_What to do_
Only the lines of the listing below that run from the line with "Boutique Nirvana 2, Proboj 25 * Košljun" through the line with "ATENCION HERMOSA CASA" are to be set down, word for word. Pictures stay out.

_Data for review_
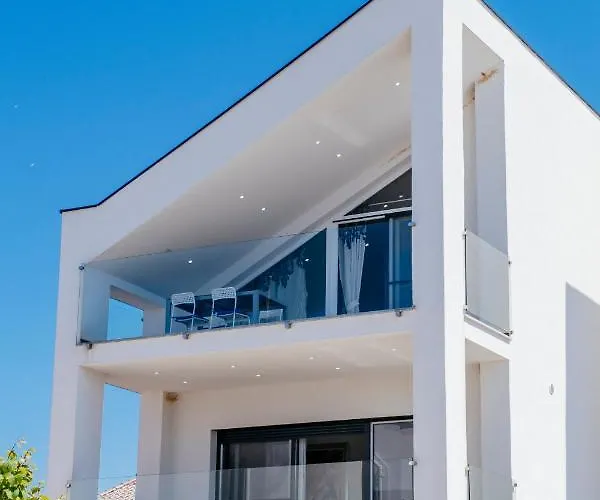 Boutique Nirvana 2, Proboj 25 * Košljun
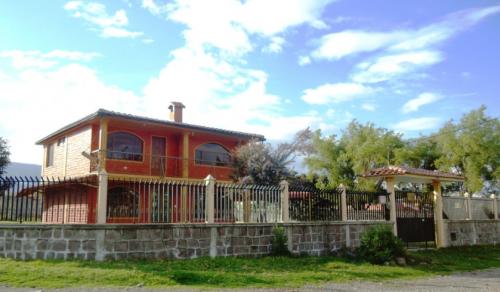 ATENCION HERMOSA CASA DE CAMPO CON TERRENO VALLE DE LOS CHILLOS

* * *

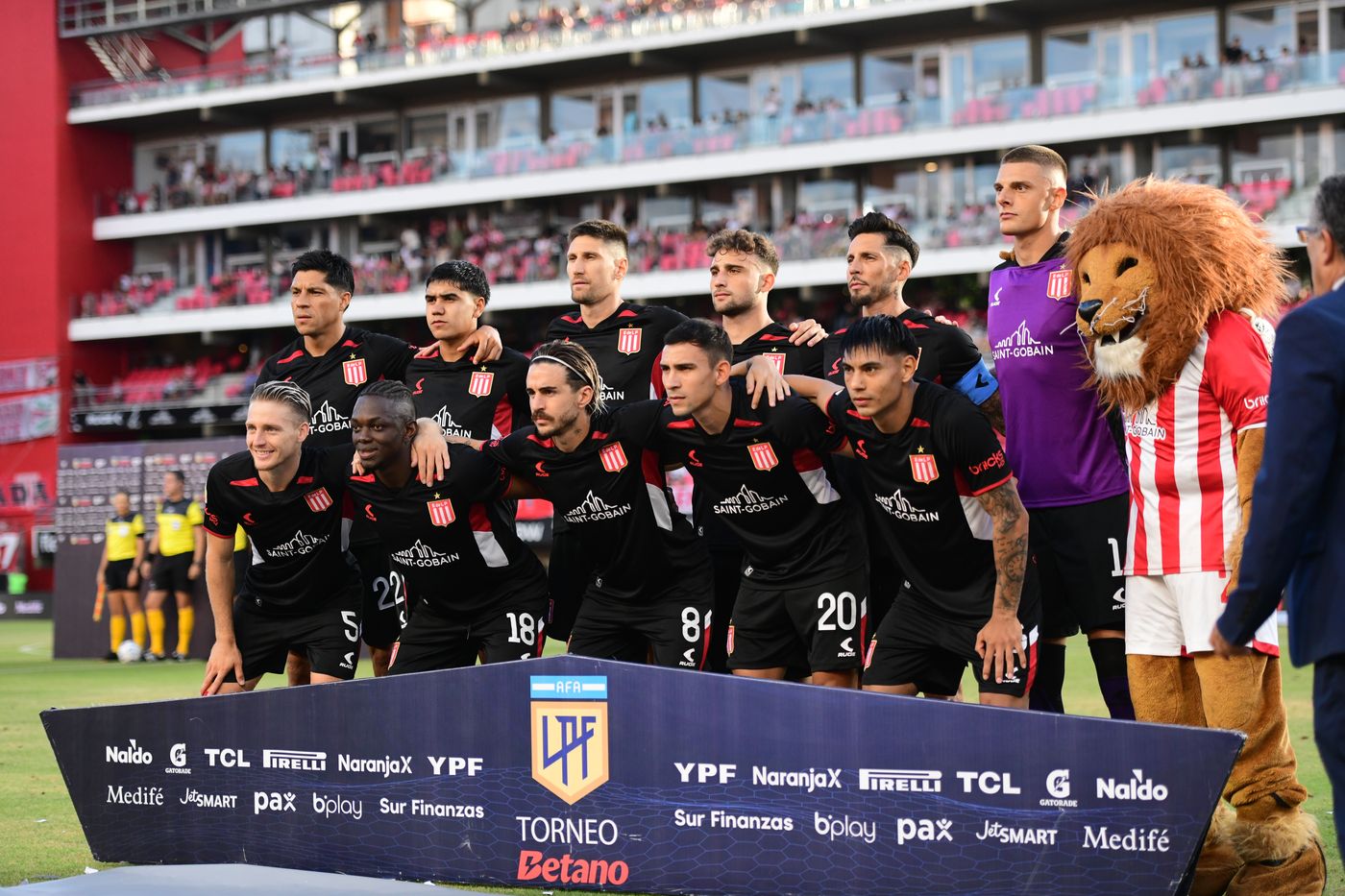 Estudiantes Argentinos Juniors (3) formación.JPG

--

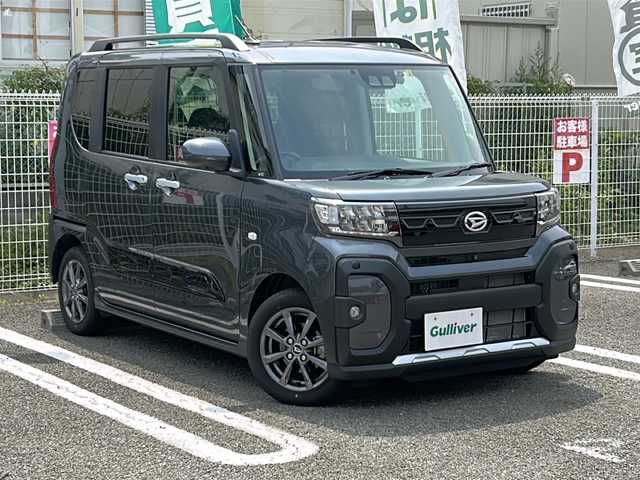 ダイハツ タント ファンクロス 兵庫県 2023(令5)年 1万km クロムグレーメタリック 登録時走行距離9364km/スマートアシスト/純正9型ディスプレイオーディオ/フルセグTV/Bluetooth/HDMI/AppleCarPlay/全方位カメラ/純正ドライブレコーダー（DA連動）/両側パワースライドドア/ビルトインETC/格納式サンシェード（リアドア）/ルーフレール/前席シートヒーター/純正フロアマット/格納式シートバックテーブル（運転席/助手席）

_Task response_
 Boutique Nirvana 2, Proboj 25 * Košljun
 ATENCION HERMOSA CASA DE CAMPO CON TERRENO VALLE DE LOS CHILLOS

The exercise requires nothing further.